I've read that ZIP files start with the following bytes:
50 4B 03 04
Reference: http://www.garykessler.net/library/file_sigs.html
Question: Is there a certain sequence of bytes that indicate a ZIP file has been password-protected?
I've read that ZIP files start with the following bytes:
50 4B 03 04
Reference: http://www.garykessler.net/library/file_sigs.html
Question: Is there a certain sequence of bytes that indicate a ZIP file has been password-protected?
It's underlying files within the zip archive that are password-protected. You can have a series of password protected and password unprotected files in an archive (e.g. a readme file and then the contents).
If you followed the links describing ZIP files in the URL you reference, you'd find that this one discusses the bit that indicates whether a file in the ZIP archive is encrypted or not.

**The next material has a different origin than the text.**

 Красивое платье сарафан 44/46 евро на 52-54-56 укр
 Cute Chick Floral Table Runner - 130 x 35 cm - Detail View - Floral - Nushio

It seems that each file in the archive can be independently encrypted or not.
It's not true that ZIP files must start with
50 4B 03 04
Entries within zip files start with 50 4B 03 04...
..and often, pure zip files start with a zip entry as the first thing in the file. But, there is no requirement that zip files start with those bytes. All files that start with those bytes are probably zip files, but not all zip files start with those bytes.
For example, you can create a self-extracting archive which is a PE-COFF file, a regular EXE, in which there actually is a signature for the file, which is 4D 5A ...
. Then, later in the exe file, you can store zip entries, beginning with 50 4B 03 04...
. The file is both an .exe and a .zip.
A self-extracting archive is not the only class of zip file that does not start with 50 4B 03 04
. You can "hide" arbitrary data in a zip file this way. WinZip and other tools should have no problems reading a zip file formatted this way.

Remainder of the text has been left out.